Am I going anywhere with this? Well, there’s a piece in The Washigton Post today that echoes those desparate, tautological claims that Soviet despotism provided no argument against “true communism,” for “true communism” was defined as non-despotic. The current mess in Lebanon provides no argument against democracy promotion, argues Steven Cook, because:
participating in a free and fair election does not necessarily imply that an organization is democratic. While Hamas and Hezbollah may have embraced the procedures of democracy, there is no evidence that they have embraced the rule of law, the rights of women and minorities, political and religious tolerance, and alternation of power.
But of course, these are precisely the components of democracy—or, more properly, liberal democracy—that one cannot easily “promote.” If you want to set off rapid change abroad, it is possible, if difficult, to go about imposing relatively open elections within a short period.

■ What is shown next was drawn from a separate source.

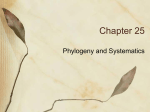 Chapter 25 Presentation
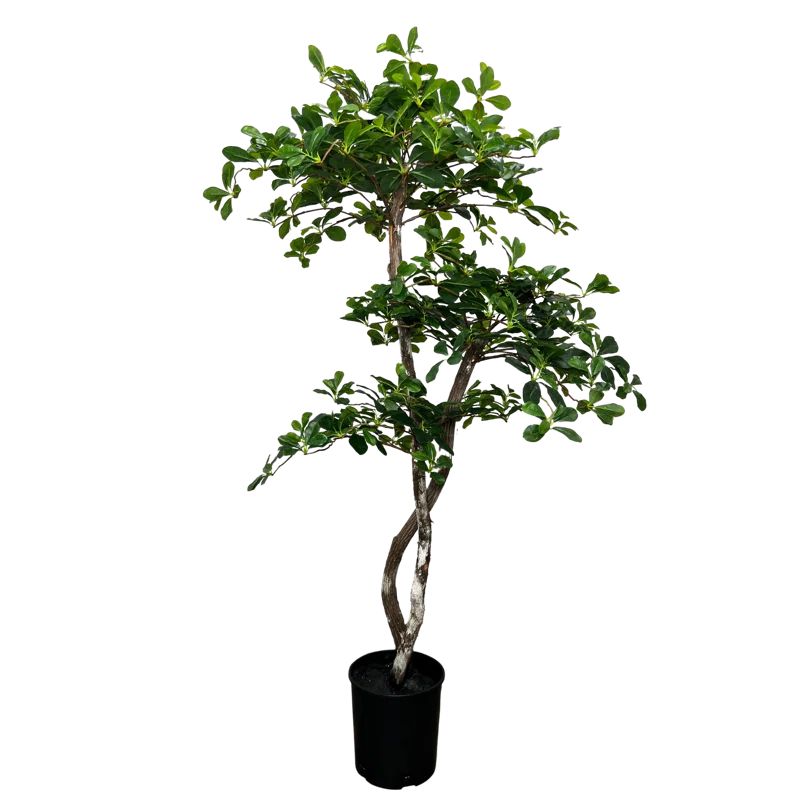 Hand-Made Primrue Fresh Italian Black Olive Leaf 5'' Artificial Tree | Wayfair North America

It is essentially impossible to impose the kind of deep mores that make democracy work. This is why, as folk like Jack Snyder have argued, transitions to democracy so often result in violence rather than “democratic peace,” because it leads to a period during which no stable form of public reason has had a chance to evolve. It creates, in other words, a collective identity which as yet has no content: Citizens are bound together before there can be any confidence they’re bound to something healthy. (Incidentally, I talked to Snyder for a piece expressing skepticism about democracy promotion as a security strategy a while back.)
Let me try to tie this together a bit. Public reason in a pluralist society is a way of trying to create a distinct, compartmentalized identity that allows otherwise very different people to deliberate together as citizens. Normally, this is good and necessary. The trouble is that this sort of compartmentalization can unmoor people, at least when they act in certain roles, from the restraints of their comprehensive conceptions, which will be a change for the worse if the new shared identity is not a benign one. Cook thinks we just need “more democracy” so that the voices of those who repudiate Hamas and Hezbollah can be given effect. This, I think, ignores the idea that how one feels about Hamas or Hezbollah may well be at least partly a function of whether they’re seen as representing a legitimate component of a shared Lebanese or Palestinian identity.